_Information provided_

|---|

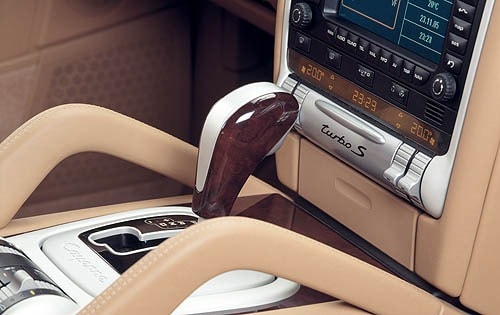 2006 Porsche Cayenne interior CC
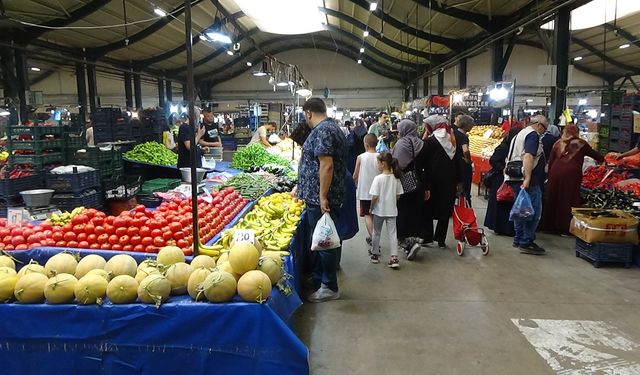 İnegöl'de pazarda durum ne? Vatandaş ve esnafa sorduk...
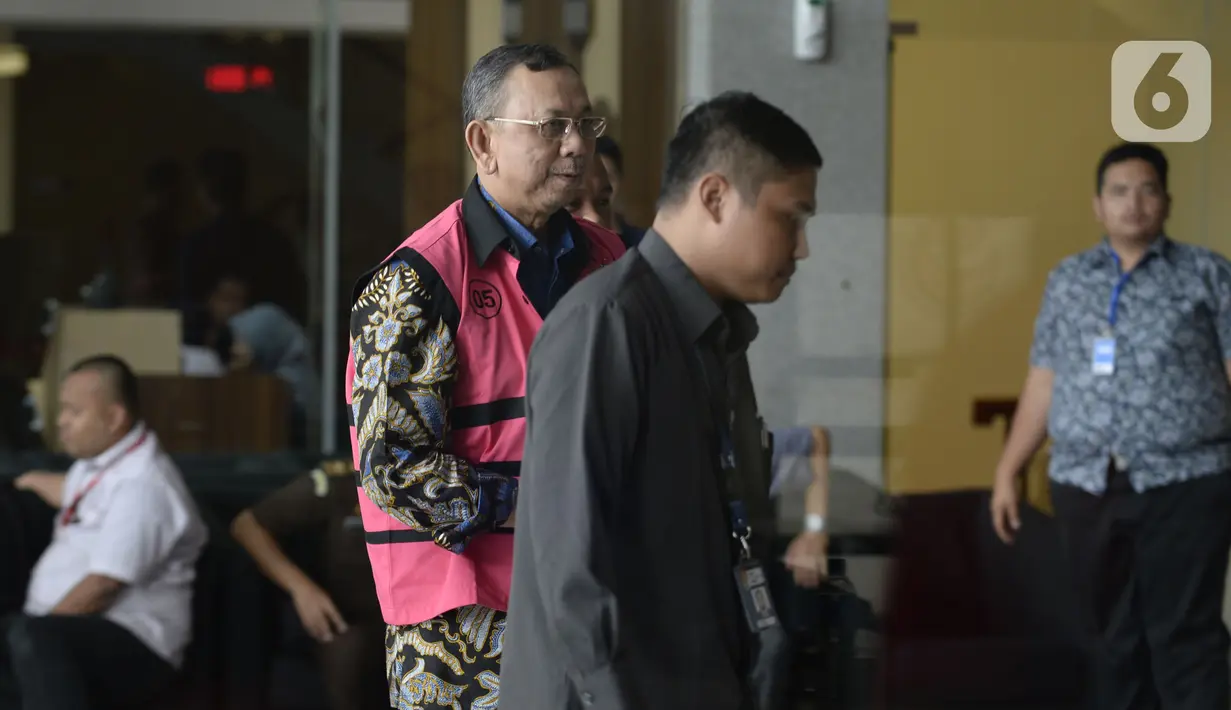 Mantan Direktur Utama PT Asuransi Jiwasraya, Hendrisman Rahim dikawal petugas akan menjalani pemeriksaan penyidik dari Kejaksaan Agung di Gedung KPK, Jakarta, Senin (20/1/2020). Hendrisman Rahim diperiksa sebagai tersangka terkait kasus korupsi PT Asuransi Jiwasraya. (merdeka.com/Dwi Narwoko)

|---|

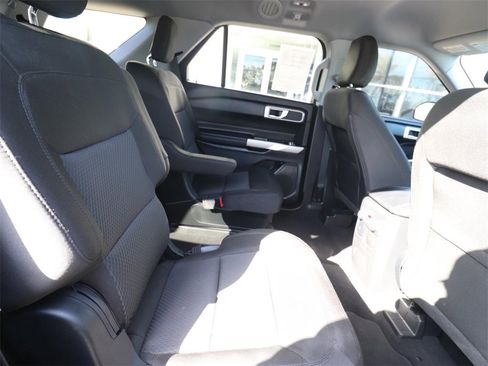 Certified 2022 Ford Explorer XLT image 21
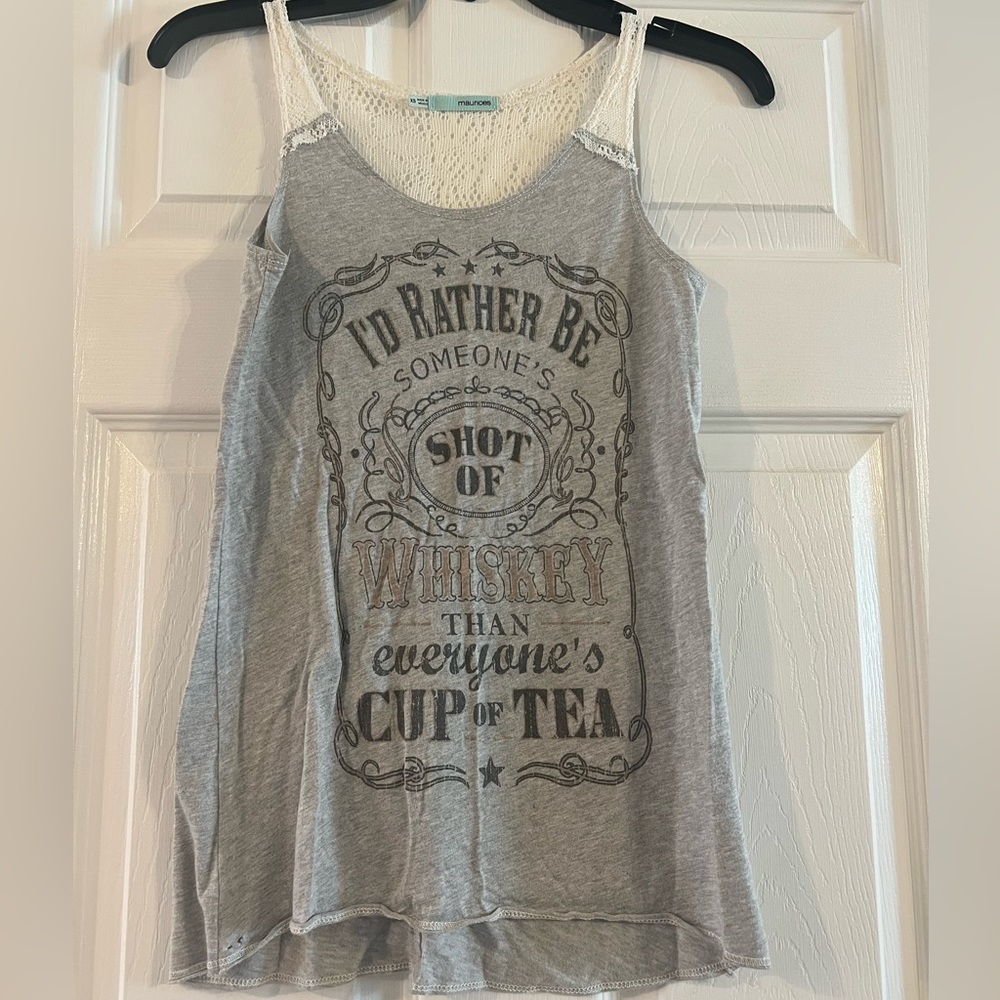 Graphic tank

|---|

The response must repeat exactly the lines above from the one with "2006 Porsche Cayenne interior CC" through the one with "Mantan Direktur Utama", including both, and must contain no pictures and no other text.

 2006 Porsche Cayenne interior CC
 İnegöl'de pazarda durum ne? Vatandaş ve esnafa sorduk...
 Mantan Direktur Utama PT Asuransi Jiwasraya, Hendrisman Rahim dikawal petugas akan menjalani pemeriksaan penyidik dari Kejaksaan Agung di Gedung KPK, Jakarta, Senin (20/1/2020). Hendrisman Rahim diperiksa sebagai tersangka terkait kasus korupsi PT Asuransi Jiwasraya. (merdeka.com/Dwi Narwoko)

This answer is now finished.